Si vous avez encore une ou deux minutes, peut-être que vous pourriez me dire comment vous les trouvez? Mais c’est pas obligé, hein. Si vous avez pas le temps, c’est pas grave. Je continuerai à dessiner encore.



Gros bisous et câlins


Matt


P.S. : Je vais essayer de convaincre maman pour la guitare alors. »


Matthias relu quelques fois sa lettre. Il voulait être certain d’y avoir mit tout ce qu’il voulait et d’avoir bien écrit, de façon poliment. Après tout, il s’adressait tout de même au groupe duquel il était fan. Non, il n’aimait pas le mot « fan ». Il trouvait que ça faisait trop obsédé. En fait, il préférait juste dire qu’il les aimait beaucoup.

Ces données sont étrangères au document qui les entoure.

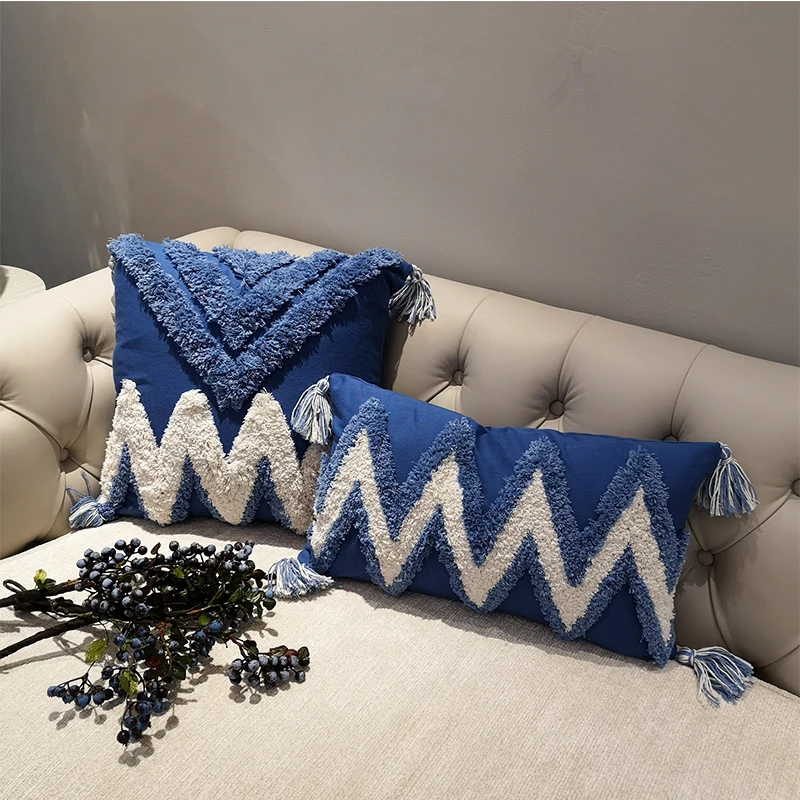 American Tassel Embroidered Cotton Pillowcase Mediterranean Style Home Sofa Sample Room Full Cotton Waist Pillow Cover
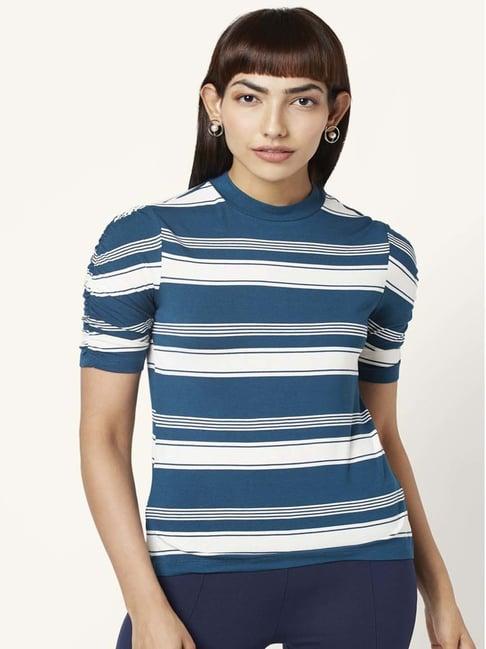 annabelle by pantaloons teal blue striped top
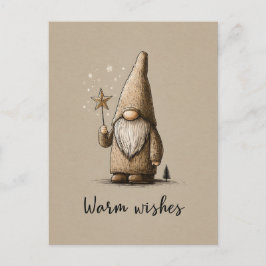 「Warm Wishes」のテキストが入ったノームのイラスト ポストカード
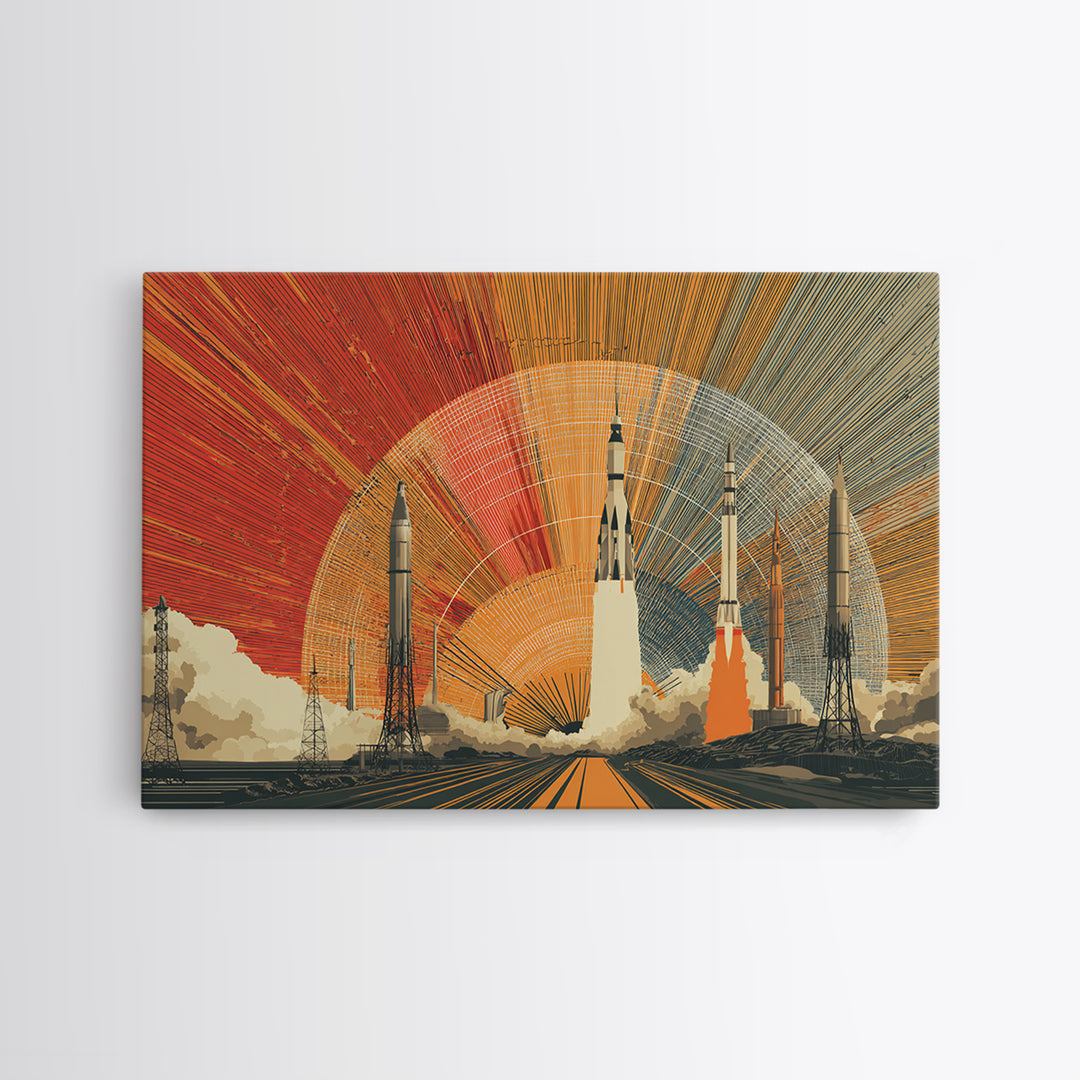 Rocket Launch Wall Art, Retro Space Race Poster, Midcentury Modern Art Print, Atomic Sunset Sci Fi Large MCM Office Decor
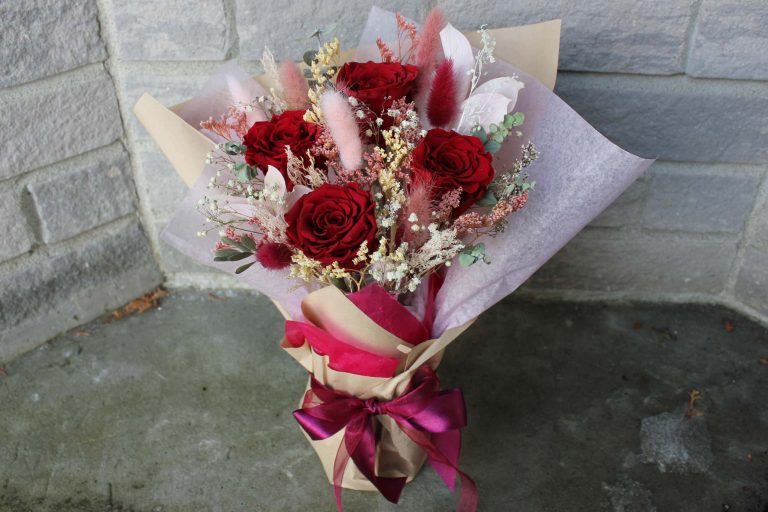 Red and pink preserved flower arrangement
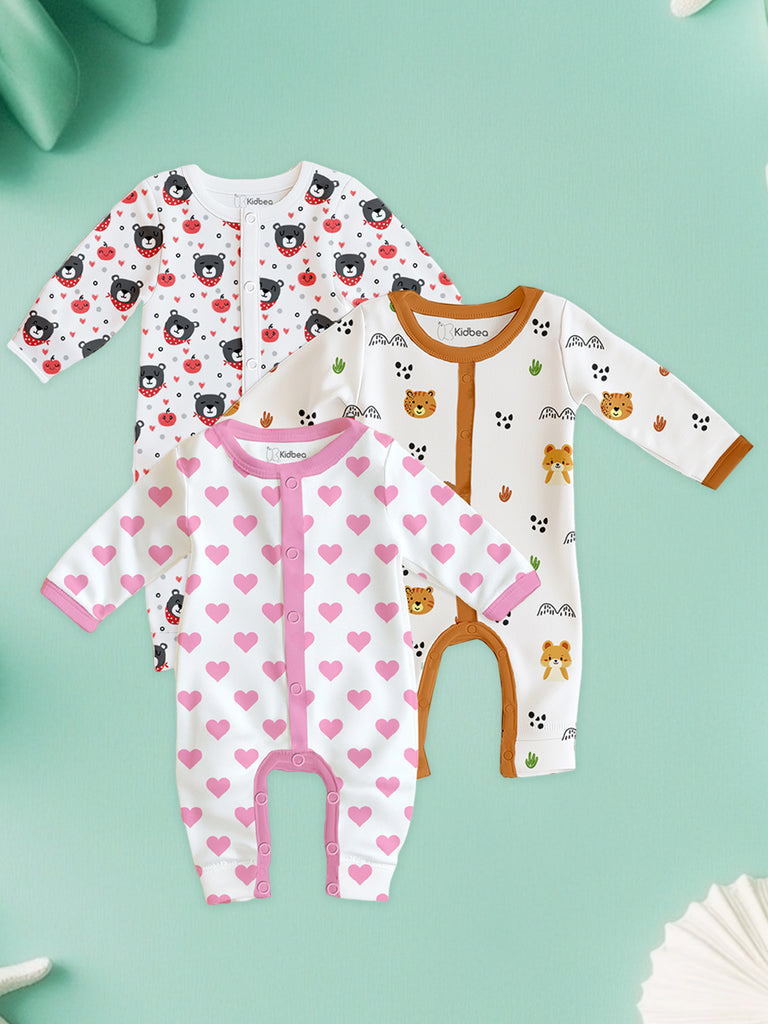 100% Organic Cotton Baby Romper/Bodysuits – Bear, Animal & Heart Prints, Set of 3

Une fois satisfait, il sauta de son lit. Il allait se mettre à courir pour rejoindre sa mère, mais il s’arrêta dès que ses pieds touchèrent le sol froid. Il tourna la tête et posa son regard sur sa mère. Il se souvenait très bien qu’elle ne voulait pas qu’il s’excite trop dans sa chambre s’il ne voulait pas se blesser. Il avait donc eu peur qu’elle le gronde encore une fois. Pourtant, celle-ci ne le regardait pas. Son regard était rivé vers l’extérieur, par la fenêtre. Il en profita donc pour attraper les dessins qu’il avait fait, les considéra du regard pour s’assurer qu’ils étaient à la hauteur et les glissa finalement dans l’enveloppe avec sa lettre.


« Maman! » appela le garçon.


Elle dévia son regard de la fenêtre, sursautant légèrement de surprise. Son sourire tendre reprit cependant sa place lorsqu’elle regarda Matthias qui s’était dressé sur la pointe de ses pieds, devant elle, en lui mettant sous le nez la lettre qu’il venait de faire, tout souriant.


« Je t’avais dit de rester un peu tranquille, » le reprit doucement la jeune femme.


Il afficha une petite moue boudeuse, prenant un air tout piteux dans le but d’attendrir sa mère pour éviter un nouveau sermon. Il n’avait cependant pas besoin de ce genre de petits trucs avec sa mère. Elle lui ébouriffa doucement les cheveux, ce qui le fit rigoler. Puis, elle prit la lettre avant de quitter la pièce sous le regard attentif de Matthias qui s’assurait qu’elle allait bien la poster.